Complaining about this album being an obvious photocopy of its influences
is a bit like cursing the sky for being blue. Reworking past inspirations
into something else has always been the raison d'être of Bobby Gillespie
and company, after all. But that said, there's no question that Sonic
Flower Groove is one goofy headscratcher of a release, the sound of a
band that didn't quite know exactly what to do yet trying to record a
big-budget (of sorts) debut album and ending up with little more than
a pristine but dull photocopy of Turn! Turn! Turn!
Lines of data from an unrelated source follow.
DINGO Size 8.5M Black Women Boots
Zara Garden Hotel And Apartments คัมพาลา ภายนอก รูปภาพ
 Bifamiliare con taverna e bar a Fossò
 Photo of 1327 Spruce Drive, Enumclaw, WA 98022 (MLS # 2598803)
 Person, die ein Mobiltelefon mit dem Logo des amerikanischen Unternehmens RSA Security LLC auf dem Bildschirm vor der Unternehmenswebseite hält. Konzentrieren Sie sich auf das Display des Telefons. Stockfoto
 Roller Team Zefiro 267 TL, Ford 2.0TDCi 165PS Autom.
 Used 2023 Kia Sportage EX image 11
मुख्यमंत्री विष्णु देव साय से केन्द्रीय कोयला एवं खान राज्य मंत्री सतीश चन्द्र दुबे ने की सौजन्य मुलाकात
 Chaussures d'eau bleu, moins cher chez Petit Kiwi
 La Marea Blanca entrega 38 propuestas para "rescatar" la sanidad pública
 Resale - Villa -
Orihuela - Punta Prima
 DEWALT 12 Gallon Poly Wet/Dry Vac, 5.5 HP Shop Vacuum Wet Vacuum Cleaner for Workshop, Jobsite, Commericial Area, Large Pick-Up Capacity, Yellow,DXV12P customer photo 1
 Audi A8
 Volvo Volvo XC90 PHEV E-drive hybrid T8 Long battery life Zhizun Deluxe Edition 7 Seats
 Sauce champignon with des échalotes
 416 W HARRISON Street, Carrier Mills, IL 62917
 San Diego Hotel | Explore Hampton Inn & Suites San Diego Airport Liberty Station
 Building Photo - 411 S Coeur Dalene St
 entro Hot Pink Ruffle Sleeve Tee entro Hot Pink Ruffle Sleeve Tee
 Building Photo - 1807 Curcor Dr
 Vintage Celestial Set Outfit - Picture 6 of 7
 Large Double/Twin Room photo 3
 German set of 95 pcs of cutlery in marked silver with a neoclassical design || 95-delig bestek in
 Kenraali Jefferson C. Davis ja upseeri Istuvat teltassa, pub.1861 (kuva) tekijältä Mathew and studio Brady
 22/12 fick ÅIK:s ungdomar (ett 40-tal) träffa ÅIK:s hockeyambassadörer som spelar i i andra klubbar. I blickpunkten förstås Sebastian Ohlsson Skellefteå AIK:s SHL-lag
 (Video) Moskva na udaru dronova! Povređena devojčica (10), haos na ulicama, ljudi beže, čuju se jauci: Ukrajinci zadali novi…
While not intrinsically
horrible, it's not intrinsically much of anything else either, and certainly
in light of everything the band did in the following years, it's the most
wistful, fragile, and ultimately boring of its releases. The Byrds worship
evident in earlier songs like "Velocity Girl" was here taken
to ridiculous extremes, and if Jim Beattie wasn't trying to hide his love
for chiming guitars, he wasn't trying to do anything with it either. Songs
like "Gentle Tuesday" and "Imperial" (which benefits
from strings and a more direct vocal) are so obviously straight from the
early Roger McGuinn and company model that one might as well just pretend
that's what's being heard. It's also a bit of a bemusing shock to hear
Gillespie trying to politely and gently sing as opposed to his later dripping
of attitude in every borrowed Jagger sneer, but such are the ways. This
all said, there's a weird way Sonic Flower Groove was prescient -- if
the Stone Roses loved the Byrds too, they loved this phase of Primal Scream
just as much, while jaunty songs like "Treasure Trip" slightly
forecast bits of Brit-pop almost ten years down the line. If there's a
secret highlight, "Love You," with its moody ghost-of-Jesus
& Mary Chain drums underpinning the slow chime, is it.